To a layperson, backdating sounds like a bad thing. But it can be either right or wrong. Its legitimacy depends upon its purpose and effect. In some cases, backdating is pure fabrication. It is improper, of course, to date a document on one date, but the event occurred on a different, later date. Typically this type of backdating occurs when the beneficiary of the backdating can reap some sort of tax or other benefit if the event had occurred on the earlier date.
Examples of improper, fraudulent backdating:
- The backdating of a transaction from January of one year to December of the previous year in order to receive tax benefits from the earlier date.
- The backdating of invoices to make it appear that revenue occurred in an earlier period on a company’s financial statements.
- The backdating of a deed to protect real estate from a creditor.
However, not all backdating involves fabrication. Backdating can also involve the practice of dating a document on the date the event occurred even if it is not signed until later. Here, the event occurs before the document evidencing it can be executed, and the document simply memorializes the earlier event. This is both a common and legitimate use of backdating.
Examples of legitimate memorialization:
- A lender loans a borrower some amount of money, which the parties agree will be memorialized with a promissory note. Thereafter, the promissory note is drafted and dated as of the date the loan was made, not the date that the note was drafted.
- During a board meeting, the directors verbally approve certain corporate actions. Later, the meeting minutes are drafted and executed reflecting the date of the meeting, not the date of the execution of the document.
Simply put, if a document is dated before the occurrence of an event, the backdating is fabricated and improper. On the other hand, if the document is executed after the event has occurred but accurately reflects the date of the event, the backdating is a proper memorialization. The line between these practices, however, is not always clear. For example, the date when the event itself occurs can be uncertain. Sometimes the law governing the event is ambiguous, and other times the facts surrounding the event are unclear.

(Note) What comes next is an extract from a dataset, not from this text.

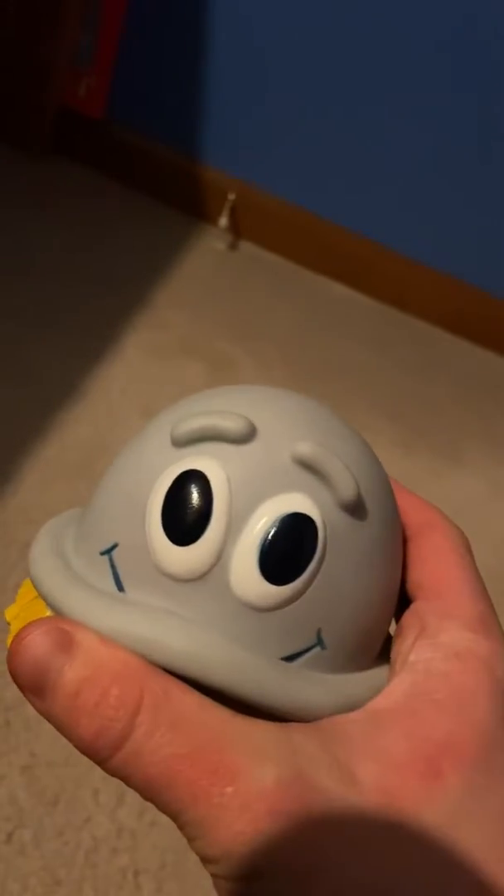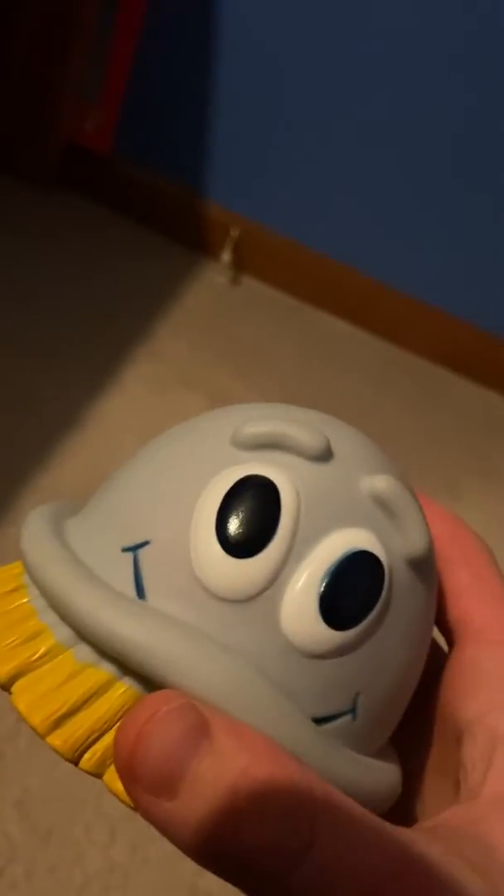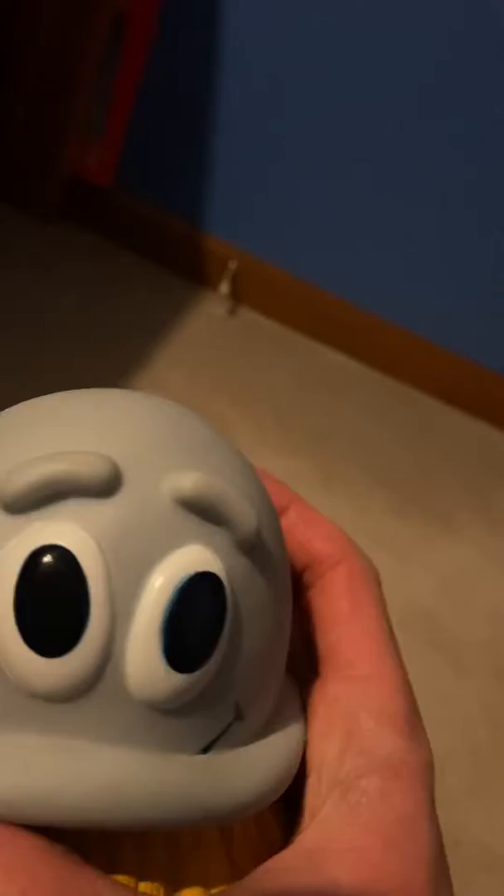Hey guys, and today I'm going to be doing a video of this thing right here — it's a Scrub Bubbles squeaky toy. It has the smile, it has everything. Basically it's a toy of the Scrub Bubbles mascot, which is Scrub Bubbles, of course.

Often a contract arises through a series of negotiations, and the exact time at which the agreement is reached may not be clear. Thus, when a contract is drafted that backdates to the date when the parties believe their agreement was reached, it may be unclear whether the backdating fabricates or memorializes. Likewise, backdating is a common practice in the conveyance of property, and here too the time of the transfer of ownership can be unclear. Determining the date of an event is further complicated by ambiguous records, limited recollections and the reliance on the recollections or statements of others. Moreover, at times fabricated backdating can be innocuous when no third party’s rights are adversely affected and no law is violated, and other times backdating that memorializes can be problematic if it misleads a court to believe the document was executed on the date the event occurred.
Unfortunately, backdating is often inevitable. In order to mitigate your risks, you should always disclose your use of backdating by either identifying the date of execution or by utilizing “as of” dating. It is also important to have an attorney review the issue and provide guidance before you choose to backdate anything.